*Geek Box: Interpreting Box Plots
Boxplots may appear confusing, but in fact are easy – and very informative – when you know what you are looking at. Boxplots are one of the best ways to display quantitative data, yet bar charts are often used in papers [generally bar charts are more appropriate for categorical data, such as frequencies, percentages, or scales], but boxplots provide substantially more information.
So, let’s start with the box itself: this represents the middle 50% of the data – known as the ‘interquartile range’, i.e., the top of the box is the 75th percentile, and the bottom is the 25th percentile. Across the box you can see a horizontal line: this is the median, i.e., the middle value(s) in the data.
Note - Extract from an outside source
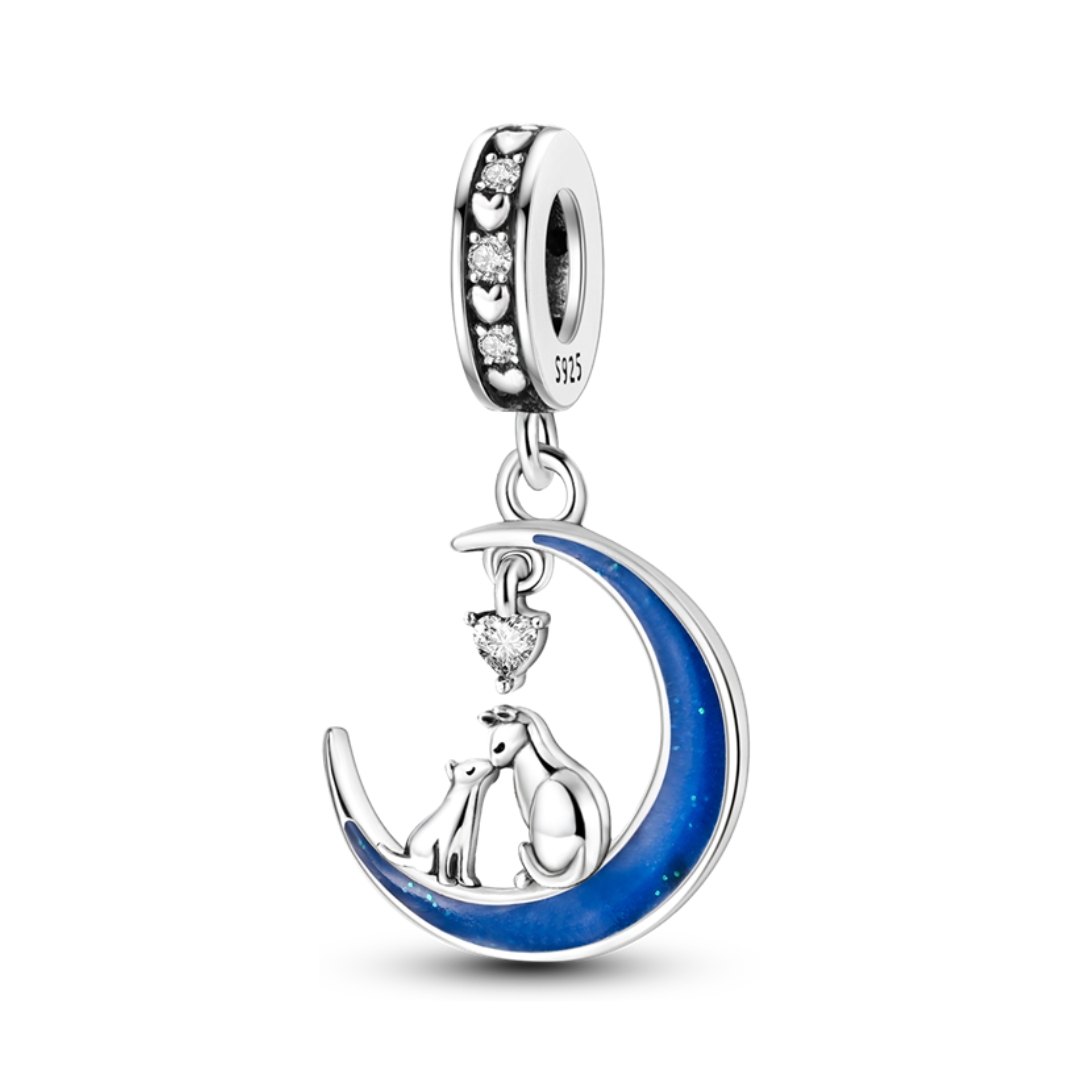 Cat and Dog Moon Love Glow Dangle Charm featuring a cat and dog on a blue crescent moon with heart crystal.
A large box, i.e., a large interquartile range indicates that there is large variability in the values in the data; a small box indicates that most values fall closely within the middle of the data, i.e., are gathered around the median. By looking at the median line, you can also gauge where it fell within the middle 50% of the data.
You’ll also notice ‘whiskers’ extending from the top and bottom of the box, and triangle-shaped ‘dots’ which lie beyond those whiskers. There are several options when plotting whiskers, but the often depict the minimum [bottom] and maximum [top] values. Any dot or symbol beyond these whiskers indicates any outlier(s), and in the graphs above you can see triangle symbols which represent the outliers whose values lay beyond the minimum and maximum values. As you can see, there is a lot of data presented in boxplots, which is very helpful to interpreting findings.